Il y a d'abord le noir, insondable et increvable, tout gluant de suie et de charbon vaporisé. Il y a ces puits de mine, des gouffres béants qui avalent goulument les hommes par milliers, dans le fracas incessant des cages, du cliquetis machinal des câbles ainsi que des souffles haletants des mineurs. Ces formes disloquées, totalement noires, nues et tendues telles des musculatures éreintées s'échinent et s'épuisent comme des esclaves dans des galeries interminables, menacées sans cesse par les lourdes pierres, le grisou prêt à exploser au contact d'une torche ou les torrents des cours d'eau souterrains. Ces femmes, ces enfants, ces hommes qui n'ont plus rien d'humain sauf leurs amours et leurs joies, qui ne leur sont laissés que dans le temps court et insuffisant d'un repos superficiel, se battent donc pour leur vie dans les ténèbres dantesques des mines du Nord. Tenaillés par la faim, l'épuisement et l'humiliation des maîtres, ils sont là : grotesques et beaux à la fois, dans toute leur laide splendeur. Dans un chef d'oeuvre magistral d'humanité, Emile Zola nous livre un roman social, un roman épique, un roman d'amour et un roman philosophique sur lequel le lecteur peut méditer, s'extasier ou se tordre de douleur pour ces mineurs qui se dépêtrent sans trêve de l'emprise d'un monstre sans visage, sans consistance, qu'est le capital. Ce capital, c'est une foulée d'hommes et de femmes délicats, à la peau blanche et fragile, toute couverte de parfums, de toilettes raffinées et torturées par leurs petites passions bourgeoises. Ce sont des êtres doux toutefois, presque sensibles, dépossédés pourtant de scrupules quand d'autres sont dépossédés de tout.
Car Emile Zola nous conte d'abord la violence de ce contraste entre la misère crasse des mineurs et la richesse subtile des actionnaires. C'est d'abord l'exploitation et ensuite la grève. La violence économique et symbolique des uns sur les autres à laquelle répond la violence sociale des autres sur les uns.

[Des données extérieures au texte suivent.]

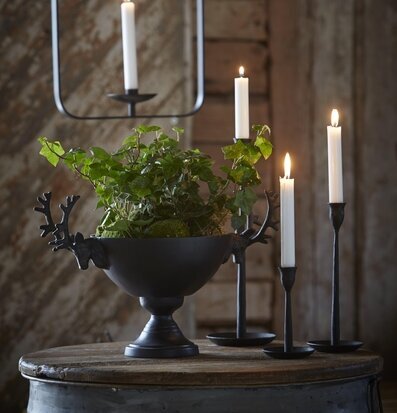 Hjort Skål Svart från Wikholm Form på rustikt träbord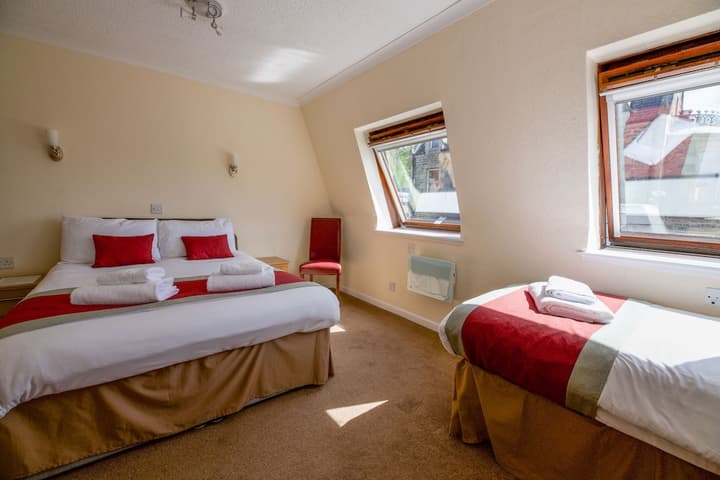 Oyo Loch Ness Drumnadrochit Hotel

Cette brutalité des grévistes contre les riches peut paraitre à bien des égards choquante : on gifle les hommes, on déculotte les dames et on tue les commerçants usuriers. Elle n'est que la réponse à une violence structurelle plus profonde qui pousse les pauvres au désespoir. Cette incompréhension entre l'actionnaire d'une part, et le mineur d'autre part, alors même qu'ils partagent cette même humanité, est résumé à merveille par cet extrait, un monologue du directeur de la mine : "Du pain! est ce que ça suffit, imbécile". Il mangeait, lui, et il n'en râlait pas moins de souffrance. Son ménage ravagé, sa vie entière endolorie lui remontaient à la gorge, en un hoquet de mort. Tout n'allait pas pour le mieux parce qu'on avait du pain. Quel était l'idiot qui mettait le bonheur de ce monde dans le partage des richesses ? Ces songe-creux de révolutionnaires pouvaient bien démolir la société et en rebâtir une autre, ils ne lui retireraient pas une peine, en coupant à chacun sa tartine. Même ils élargiraient le malheur de la Terre, ils feraient un jour hurler jusqu'aux chiens de désespoir, lorsqu'ils les auraient sortis de la tranquille satisfaction des instincts pour les hausser à la souffrance inassouvie des passions. Non, le seul bien était de ne pas être, et, si l'on était, d'être l'arbre, d'être la pierre, moins encore, le grain de sable qui ne peut saigner sous le talon des passants. Merveilleuse pensée qui résume parfaitement le mal ouvrier confronté au mal bourgeois. Mais Germinal est aussi une troisième violence : celle de la Nation, de l'Armée, contre les grévistes qui parvient même à semer les graines de la zizanie entre les pauvres. Ces trois violences : économique, sociale et politique, constituent le triumvirat des agressions dénoncées par Zola dans son grand roman.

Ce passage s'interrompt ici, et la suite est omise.